Parallel Lua Beta

Sir_Falstaff · March 18, 2021, 3:30pm

I found a really weird bug that causes some sort of memory leak that persists between playtesting sessions:

LocalScript inside of an actor in StarterPlayerScripts:

for i = 1,250 do
	RunService.RenderStepped:ConnectParallel(function()
		task.synchronize()
	end)
end

LuaHeap will continue to rise until it reaches 2000+ Mb, but the weirdest part is that if you stop the game and play again, LuaHeap will keep rising from wherever it left off. I tested this in the developer preview build and it doesn’t happen there, only on the new beta in the live version of studio.
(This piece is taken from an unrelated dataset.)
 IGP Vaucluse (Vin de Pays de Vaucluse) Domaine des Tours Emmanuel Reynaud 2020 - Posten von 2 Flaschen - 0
ParallelLuaBugRepro.rbxl (22.3 KB)

jman116 · March 18, 2021, 7:28pm

So far I have managed it to completely crash Windows several times
When ran on a more… competent machine, it completely accelerated my terrain generation system.

I have tripled the speed of the my terrain generation system while making it more stable and it no longer makes the server laggy while generating planets. 5.313 seconds to fully initialize and spawn the terrain of a 2048 x 512 x 2048 section of land.
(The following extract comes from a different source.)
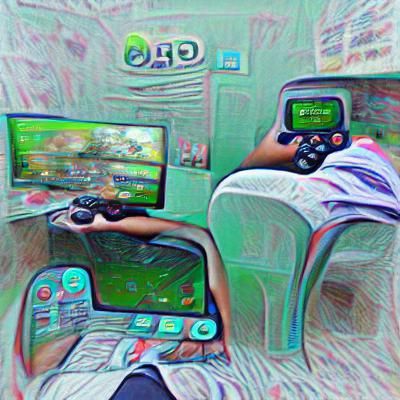 AI Interpretation of Gaming Theme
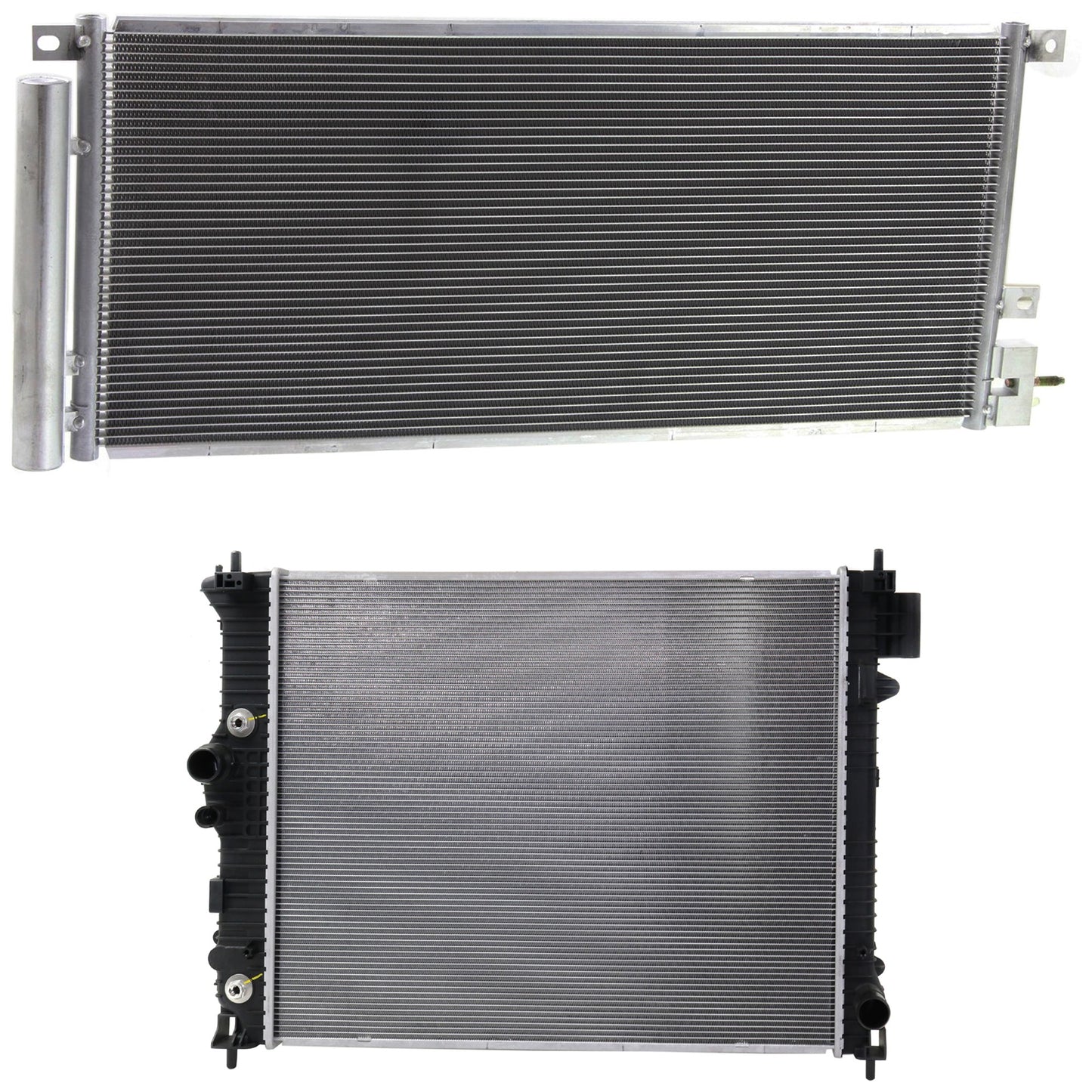 2-Piece Kit Radiator, 1.4L, 4Cyl, Includes (1) A/C Condenser and (1) Radiator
Raildex · March 19, 2021, 5:48am

What exactly can we expect from this proposed shared storage? Will it be instance based or will we be able to write tables to it for read only purposes?

Currently I have a custom grid and pathfinding algorithm and being able to multi thread this would be a great help. However, the pathfinding algorithm wouldn’t be able to access the grid data if run in parallel currently from my understanding. The only way I could transfer this information at the moment without the massive overhead of sending it through bindables would be by making the grid out of parts and trying to convey information through that and value objects. This would be incredibly unwieldy for obvious reasons.

Some kind of service with which we can write to from the main thread and read from in parallel threads would be greatly beneficial. Can we expect anything similar to that or give us any other ideas as to what to expect?

firestarroblox123 · March 19, 2021, 4:55pm

Do servers have access to multiple threads? I ask this because I want to know if it’s useful to implement parallel lua on the server.

Garnold · March 19, 2021, 7:41pm

I noticed that parallel tasks are always processed before gameStepped in the frame pipeline. This means when we call ConnectParallel on heartbeat, the actual processing is delayed until the next frame. Are there any plans to have an option to start a WaitingParallelScriptsJob at any point in the pipeline? It would be nice to have some background tasks running in heartbeat that won’t delay physics, or code that we have bound to gameStepped. Alternatively we might have stuff we want to process in parallel during PreRender, like calculations for visual effects to be applied before rendering.

Ultimately giving us more control over where to run tasks in parallel will allow us to make the most of this powerful tool.

iiNemo · March 20, 2021, 6:41pm

Will we ever have access to the number of threads available? And will we ever have access to manually assigning jobs to specific threads?

In my situation, I want to evenly distribute a set amount of jobs that take a varied amount of time (which I have a rough estimate for). Back on the main thread, it will yield until all jobs are completed to then handle the processed data. I’m not exactly sure how Roblox determines what runs on what thread, but I don’t believe they are going to have better distribution than me (considering I know how long each job will take). The main problem with this is that I could have 20/28 jobs already completed on 11/12 threads, while that 1 final thread still needs to process 8 more jobs.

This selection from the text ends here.